More recently, Dr. Buster helped develop a testosterone delivery system for women called Intrinsa which was ultimately marketed in Europe. The transdermal patch delivers chemically identical testosterone directly into the body’s microvascular circulation, much like an artificial endocrine organ. Dr. Buster was the lead investigator in a major study that demonstrated the effectiveness of this patch to treat decreased sexual desire in postmenopausal women.

In addition, Dr. Buster served as lead investigator in another major study demonstrating the effectiveness of an estradiol mist called Evamist, which offers women a safe way to stem the impact of hot flashes in menopause. Evamist is now widely marketed and prescribed in the U.S.

Dr. Buster attended Stanford University and earned his medical degree from the University of California-Los Angeles School of Medicine, where he also completed his residency training in obstetrics and gynecology and a fellowship in reproductive endocrinology and infertility. He is board certified in obstetrics and gynecology and in the subspecialty of reproductive endocrinology and infertility, and serves as a diplomat with the American Board of Obstetrics and Gynecology.

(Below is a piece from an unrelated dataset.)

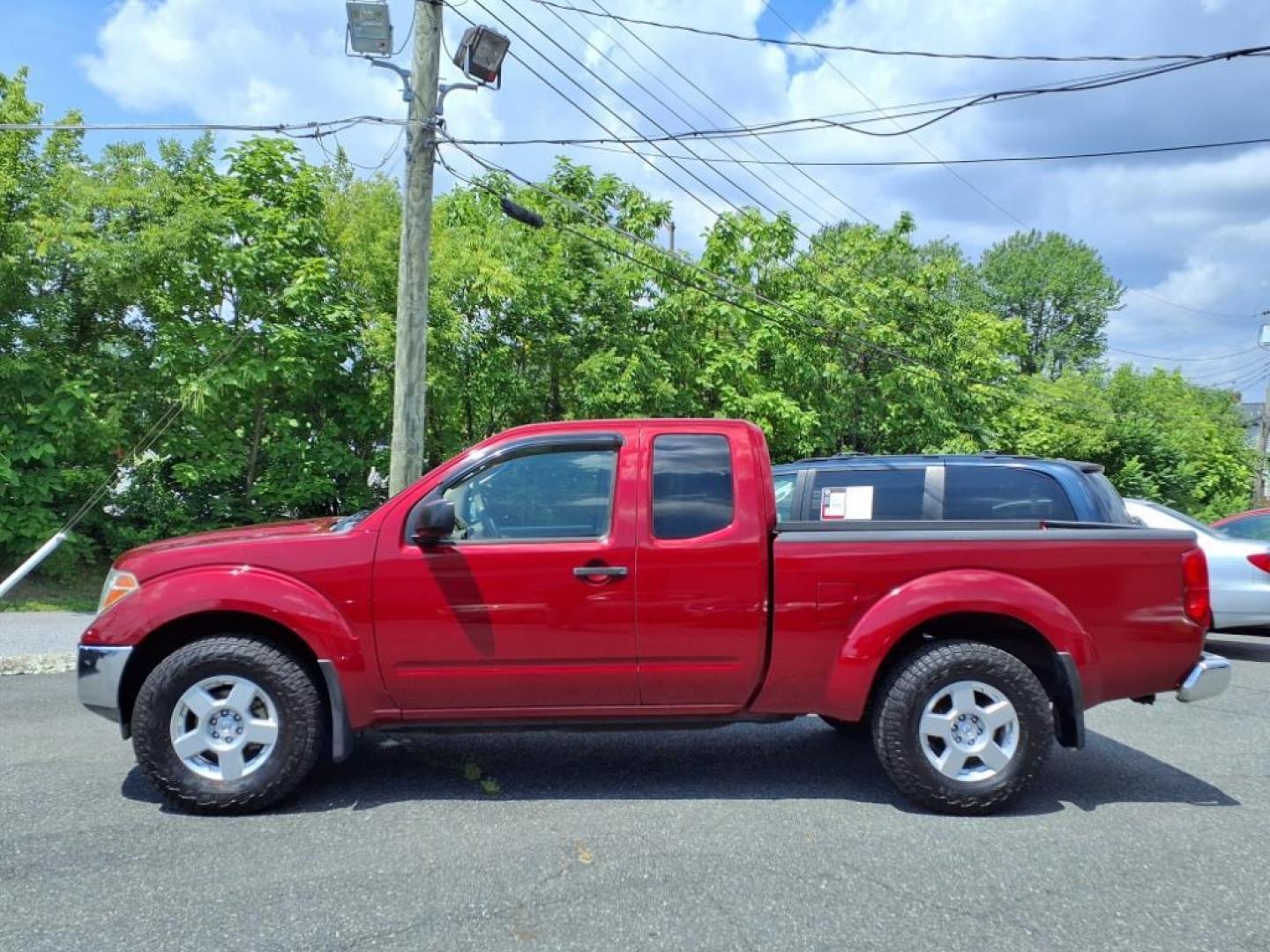 2008 Red Alert Nissan Frontier SE V6 (1N6AD06W08C) with an 4.0L 4.0L V6 261hp 281ft. lbs. Fuel Injected engine, 5-Speed Automatic transmission, located at 50 Eastern Blvd., Essex, MD, 21221, (410) 686-3444, 39.304367, -76.484947 - Photo#1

Before relocating to the east coast, he was director of the Division of Reproductive Endocrinology and Infertility at UCLA School of Medicine and then director of the Division of Reproductive Endocrinology at Baylor College of Medicine in Houston.

Dr. Buster is a well-known international lecturer and has authored more than 200 scientific papers in the field of reproductive endocrinology and infertility. He served as director for the Society of Reproductive Endocrinologists and chair of its Practice and Fellowship committees. He has also served on the Fellowship Committee for the American Gynecological and Obstetrical Society and on the board for the American Society of Reproductive Medicine.

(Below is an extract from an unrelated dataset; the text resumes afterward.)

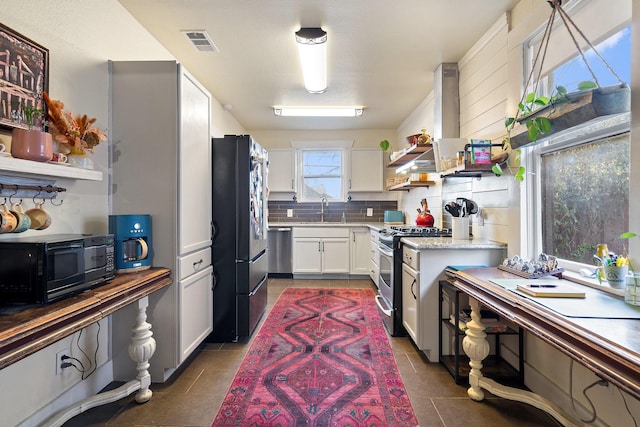 kitchen with a sink, white cabinetry, appliances with stainless steel finishes, backsplash, and open shelves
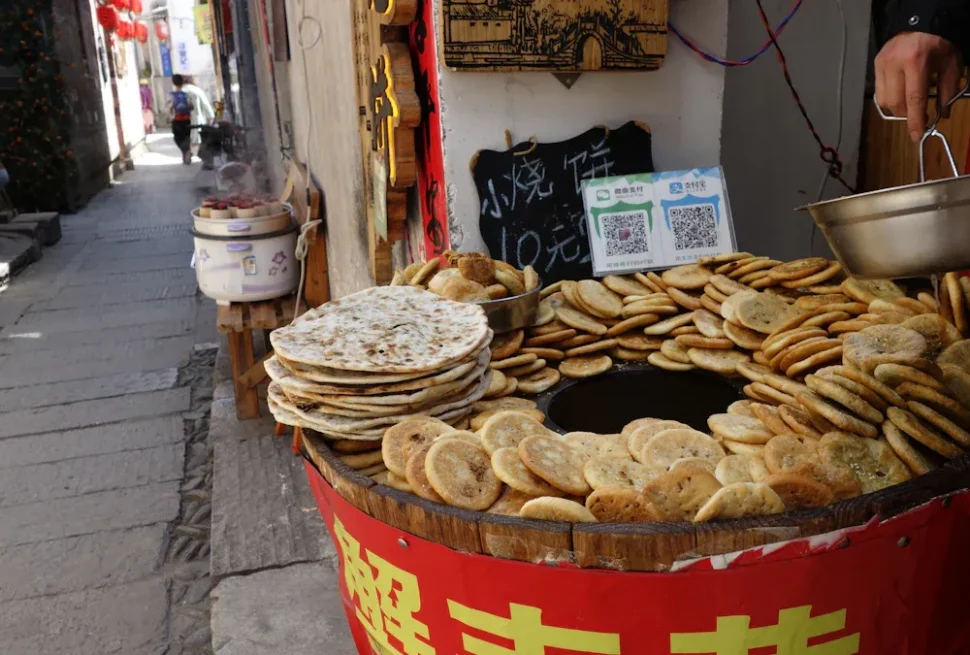 Roujiamo,Xi`an,Chinatour Street food stall with a circular pan surrounded by dozens of flatbreads in a busy alley.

In the past decade, Dr. Buster has been recognized for his clinical expertise by various lay publications, including Castle Connolly’s Best Doctors in America, Good Housekeeping’s 401 Best Doctors for Women, the Consumers Research Council of America’s Guide to America’s Top Obstetricians and Gynecologists, and, in 2011, in Boston Magazine as a top doctor for reproductive endocrinology. He was selected for a Patients’ Choice Award, an honor given to just five percent of practicing physicians in the country.